Look below for the line containing "HAPPY NEW YEAR"; from there, print each line exactly up to and including the line containing "Hawkeye - Suffering | HD", and stop.

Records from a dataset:
^^^^

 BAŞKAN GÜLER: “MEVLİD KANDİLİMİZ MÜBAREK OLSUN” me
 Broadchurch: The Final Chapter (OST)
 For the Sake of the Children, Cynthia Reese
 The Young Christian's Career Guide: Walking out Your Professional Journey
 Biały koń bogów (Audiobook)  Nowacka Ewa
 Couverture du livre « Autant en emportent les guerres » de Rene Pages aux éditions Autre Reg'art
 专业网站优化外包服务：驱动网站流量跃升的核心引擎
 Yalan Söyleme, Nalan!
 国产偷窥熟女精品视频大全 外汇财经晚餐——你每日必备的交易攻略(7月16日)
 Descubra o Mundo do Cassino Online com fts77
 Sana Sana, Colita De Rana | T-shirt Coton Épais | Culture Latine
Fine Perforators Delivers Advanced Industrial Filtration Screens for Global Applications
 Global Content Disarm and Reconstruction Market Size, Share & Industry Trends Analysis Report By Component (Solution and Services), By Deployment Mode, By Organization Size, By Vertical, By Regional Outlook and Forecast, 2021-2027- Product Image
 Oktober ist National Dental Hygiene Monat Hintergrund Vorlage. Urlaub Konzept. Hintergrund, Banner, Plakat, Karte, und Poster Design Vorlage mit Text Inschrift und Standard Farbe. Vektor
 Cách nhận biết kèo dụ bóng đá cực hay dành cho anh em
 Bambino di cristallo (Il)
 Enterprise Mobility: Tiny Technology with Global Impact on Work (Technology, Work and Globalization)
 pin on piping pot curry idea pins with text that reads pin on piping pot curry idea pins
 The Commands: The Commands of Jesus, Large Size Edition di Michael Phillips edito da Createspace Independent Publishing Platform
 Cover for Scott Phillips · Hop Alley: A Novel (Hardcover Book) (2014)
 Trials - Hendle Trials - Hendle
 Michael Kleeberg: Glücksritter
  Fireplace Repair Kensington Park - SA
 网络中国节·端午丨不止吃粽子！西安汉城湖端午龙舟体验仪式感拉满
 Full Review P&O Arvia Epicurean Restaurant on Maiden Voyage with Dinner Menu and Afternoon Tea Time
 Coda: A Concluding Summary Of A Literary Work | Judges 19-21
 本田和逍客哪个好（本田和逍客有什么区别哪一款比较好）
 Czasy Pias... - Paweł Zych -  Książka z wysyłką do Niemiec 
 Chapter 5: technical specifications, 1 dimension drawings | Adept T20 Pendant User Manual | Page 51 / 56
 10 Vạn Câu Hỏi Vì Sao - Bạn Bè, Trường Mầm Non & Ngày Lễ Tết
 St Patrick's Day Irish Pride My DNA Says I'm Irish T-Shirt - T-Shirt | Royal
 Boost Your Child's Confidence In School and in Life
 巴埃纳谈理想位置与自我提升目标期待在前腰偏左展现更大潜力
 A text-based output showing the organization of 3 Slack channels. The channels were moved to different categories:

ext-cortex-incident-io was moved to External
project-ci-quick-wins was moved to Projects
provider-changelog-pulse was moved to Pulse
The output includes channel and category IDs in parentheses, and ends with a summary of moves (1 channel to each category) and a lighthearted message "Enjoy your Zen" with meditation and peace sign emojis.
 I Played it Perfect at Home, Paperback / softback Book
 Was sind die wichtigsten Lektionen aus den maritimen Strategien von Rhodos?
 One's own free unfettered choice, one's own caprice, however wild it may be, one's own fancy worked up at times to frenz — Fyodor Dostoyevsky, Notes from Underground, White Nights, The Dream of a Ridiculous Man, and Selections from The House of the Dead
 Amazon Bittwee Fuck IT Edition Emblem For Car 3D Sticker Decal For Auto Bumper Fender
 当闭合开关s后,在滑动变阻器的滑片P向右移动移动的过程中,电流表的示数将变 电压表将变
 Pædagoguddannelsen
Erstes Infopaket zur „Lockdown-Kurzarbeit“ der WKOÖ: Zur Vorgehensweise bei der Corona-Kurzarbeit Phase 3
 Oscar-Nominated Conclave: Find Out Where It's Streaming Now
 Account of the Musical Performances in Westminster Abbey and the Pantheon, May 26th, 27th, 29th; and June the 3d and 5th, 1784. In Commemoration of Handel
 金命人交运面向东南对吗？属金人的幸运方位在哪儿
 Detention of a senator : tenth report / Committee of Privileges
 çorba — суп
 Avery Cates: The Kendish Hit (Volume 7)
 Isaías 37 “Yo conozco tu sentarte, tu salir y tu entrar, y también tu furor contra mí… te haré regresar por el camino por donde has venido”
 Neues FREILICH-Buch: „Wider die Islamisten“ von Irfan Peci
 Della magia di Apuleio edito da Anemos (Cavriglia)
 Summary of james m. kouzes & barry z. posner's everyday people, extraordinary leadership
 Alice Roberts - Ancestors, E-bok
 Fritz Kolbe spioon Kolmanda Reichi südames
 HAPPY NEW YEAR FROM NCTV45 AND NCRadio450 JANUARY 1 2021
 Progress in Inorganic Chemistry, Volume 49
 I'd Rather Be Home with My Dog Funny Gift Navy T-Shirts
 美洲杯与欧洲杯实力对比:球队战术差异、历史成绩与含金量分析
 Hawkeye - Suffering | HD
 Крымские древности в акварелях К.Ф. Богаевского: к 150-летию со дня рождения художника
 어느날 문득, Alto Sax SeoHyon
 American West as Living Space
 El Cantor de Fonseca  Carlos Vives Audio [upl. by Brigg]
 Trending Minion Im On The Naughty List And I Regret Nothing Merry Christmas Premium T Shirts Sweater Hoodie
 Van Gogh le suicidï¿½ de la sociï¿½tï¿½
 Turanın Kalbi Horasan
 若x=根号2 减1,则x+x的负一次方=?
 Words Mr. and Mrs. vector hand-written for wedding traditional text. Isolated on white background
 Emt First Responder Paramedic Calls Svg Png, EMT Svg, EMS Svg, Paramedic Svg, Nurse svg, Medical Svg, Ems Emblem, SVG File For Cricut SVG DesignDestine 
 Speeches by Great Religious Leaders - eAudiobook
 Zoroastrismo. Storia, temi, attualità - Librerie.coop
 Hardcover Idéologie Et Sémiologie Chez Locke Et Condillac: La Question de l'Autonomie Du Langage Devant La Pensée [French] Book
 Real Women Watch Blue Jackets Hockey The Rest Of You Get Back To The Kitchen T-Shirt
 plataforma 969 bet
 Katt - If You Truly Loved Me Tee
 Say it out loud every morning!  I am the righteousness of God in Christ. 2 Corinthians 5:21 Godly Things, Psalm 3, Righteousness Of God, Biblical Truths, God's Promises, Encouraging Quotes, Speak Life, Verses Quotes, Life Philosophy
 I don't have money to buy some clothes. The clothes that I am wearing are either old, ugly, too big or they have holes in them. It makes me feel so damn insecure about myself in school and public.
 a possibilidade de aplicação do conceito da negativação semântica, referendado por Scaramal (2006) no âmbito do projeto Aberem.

^^^^

:: Solution for this problem ::
 HAPPY NEW YEAR FROM NCTV45 AND NCRadio450 JANUARY 1 2021
 Progress in Inorganic Chemistry, Volume 49
 I'd Rather Be Home with My Dog Funny Gift Navy T-Shirts
 美洲杯与欧洲杯实力对比:球队战术差异、历史成绩与含金量分析
 Hawkeye - Suffering | HD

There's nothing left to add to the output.